**Data listing**
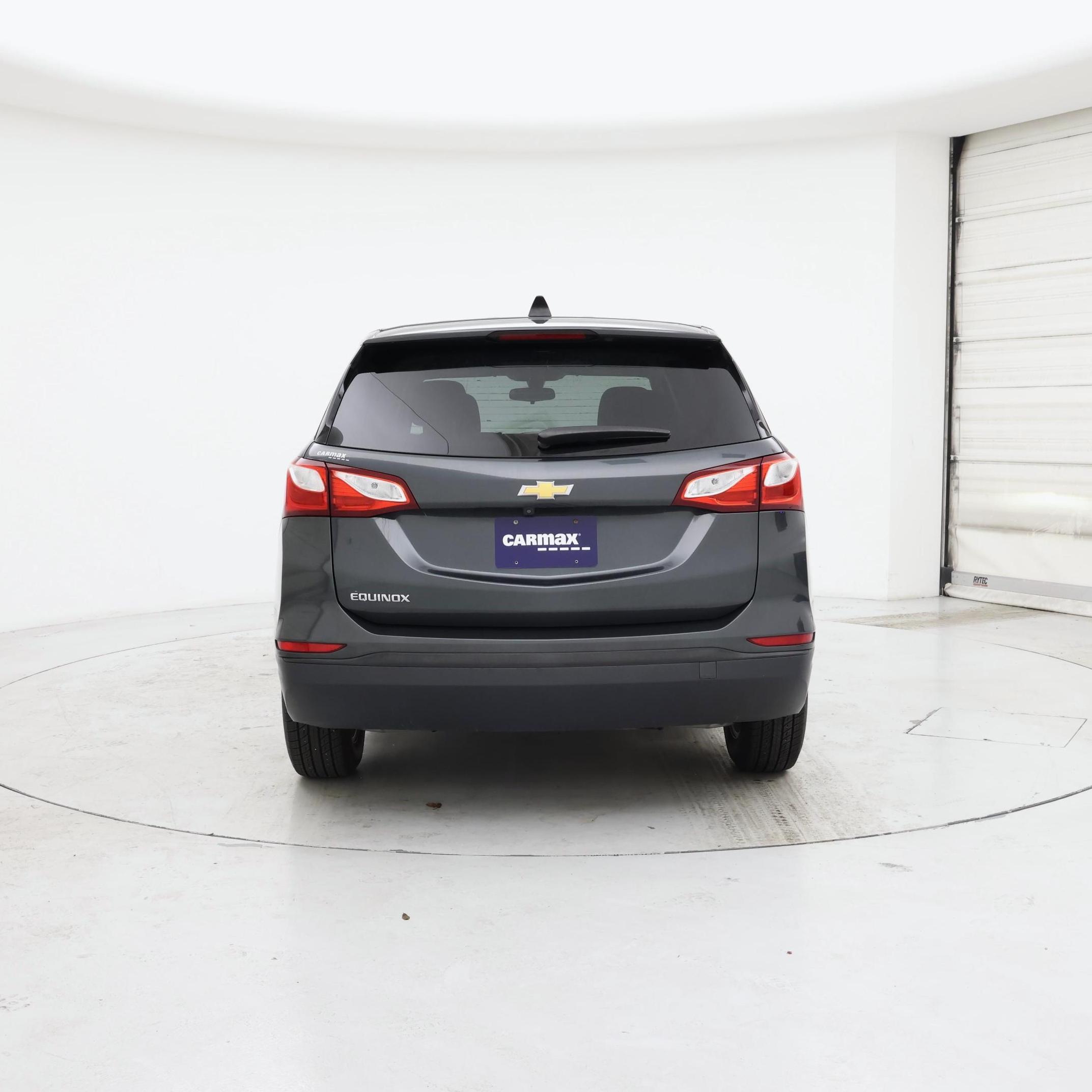 Thumbnail: 2019 Chevrolet Equinox - 6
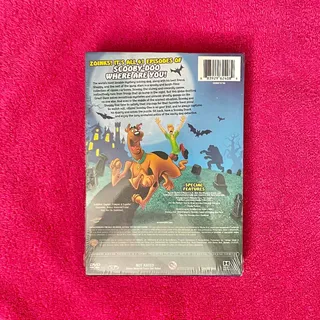 Photo of NEW Scooby-Doo Where Are You!: Complete Series DVD Box Set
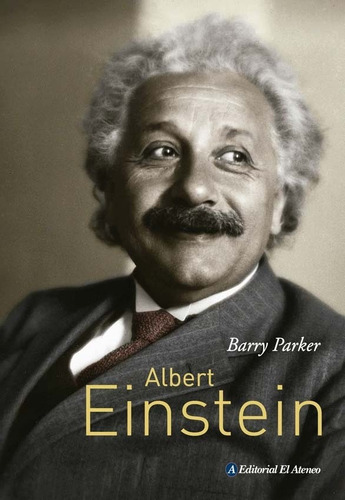 Libro Albert Einstein - Barry Parker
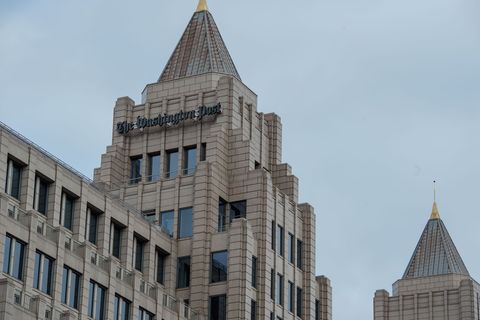 Auf die Entlassungen bei der "Washington Post" folgt eine weitere Veränderung. (Archivbild) Foto: Andrej Sokolow/dpa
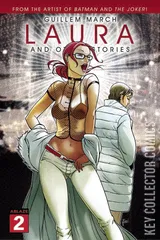 Cover for Guillem March's Laura & Other Stories #2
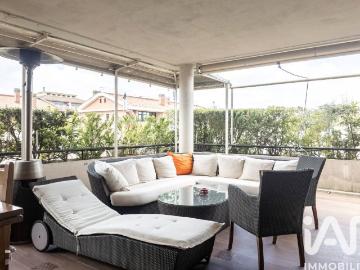 Appartamento in vendita a Via Cristoforo Colombo Roma - Terrazzo
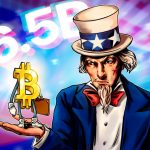 US cleared to sell $6.5B in Bitcoin — Will it crash BTC price?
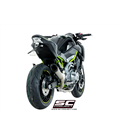 KAWASAKI Z 900 (2017 - 2019) - EURO 4 SISTEMA DE ESCAPE COMPLETO 4-2-1 SC PROJECT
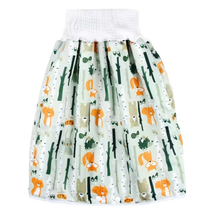 Carica l&#39;immagine nel visualizzatore di Gallery, Pannolini di Stoffa Morbidi e Delicati Anti-Perdita -Felicemente cari - Ozerty
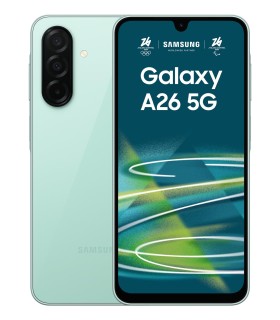 SAMSUNG MOBILE PHONE GALAXY A26 5G/256GB GREEN SM-A266B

**Required work**
Pictures in the records above are to be left out of an otherwise exact copy.

**The answer**
 Thumbnail: 2019 Chevrolet Equinox - 6
 Photo of NEW Scooby-Doo Where Are You!: Complete Series DVD Box Set
 Libro Albert Einstein - Barry Parker
 Auf die Entlassungen bei der "Washington Post" folgt eine weitere Veränderung. (Archivbild) Foto: Andrej Sokolow/dpa
 Cover for Guillem March's Laura & Other Stories #2
 Appartamento in vendita a Via Cristoforo Colombo Roma - Terrazzo
 US cleared to sell $6.5B in Bitcoin — Will it crash BTC price?
 KAWASAKI Z 900 (2017 - 2019) - EURO 4 SISTEMA DE ESCAPE COMPLETO 4-2-1 SC PROJECT
 Carica l&#39;immagine nel visualizzatore di Gallery, Pannolini di Stoffa Morbidi e Delicati Anti-Perdita -Felicemente cari - Ozerty
 SAMSUNG MOBILE PHONE GALAXY A26 5G/256GB GREEN SM-A266B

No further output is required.